To mark this transition in Malcolm's career, the Department of Zoology recently honoured him with a symposium reflecting on his scientific career. Inviting colleagues and past students and postdocs back to the department, many remembered their time in Malcolm's lab with affection, but also recalled the rigorous training they received. His colleague Simon Laughlin paid tribute to his integrative approach, brilliant experimental technique, clarity of thought and ‘deep commitment to getting it right’. Since leaving Malcolm's lab, many of his students and postdocs have gone on to establish their own research labs, applying their scientific training to problems ranging from locust vision to the role of biogenic amines in insects, intracellular recording in rats and the role of the cerebellum in locomotion.

Reflecting on Malcolm's tenure at the Department of Zoology, Prof. Alison Richard, Vice Chancellor of the University of Cambridge, spoke warmly about him and said, ‘He is an absolutely exemplary figure, not only a distinguished and great research scientist and teacher, but also somebody who has been ready to put his shoulder to the institutional wheel.’ Unveiling a portrait of Malcolm by the artist Tom Wood to commemorate his leadership, Richard attributed the department's current success in no small part to Malcolm, describing him as ‘a very fine leader and catalyst bringing the department's activities together in thoughtful and intelligent ways.’

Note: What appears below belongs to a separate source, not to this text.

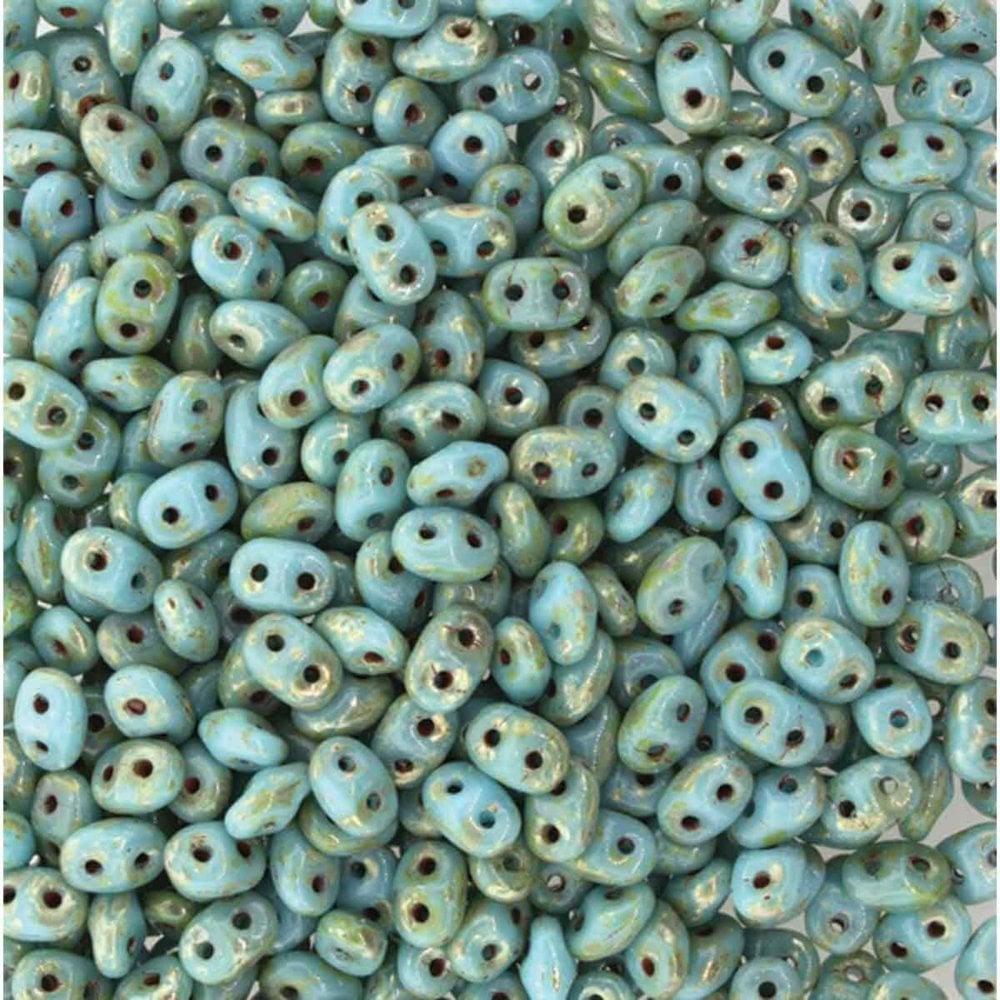 Matubo SuperDuo Czech Beads 2.5x5mm, turquoise blue picasso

Closing the symposium, Malcolm thanked his colleagues and co-workers for their help and support over the years before going on to talk about his own current research passions: the transformation of locusts from a solitary to a gregarious lifestyle and fast-moving animals. Having described a trip to the Algerian desert to visit what he hopes will soon be a locust research station funded by the Algerian government, Malcolm also showed new high-speed movies of insects that ranged from owl midges jumping to ant lions righting themselves with a forceful head flick. Having stepped down as Head of Department, Malcolm is looking forward to returning to the lab to concentrate on his research and continue answering the question that has driven him over the last 40 years: how is it doing it and why?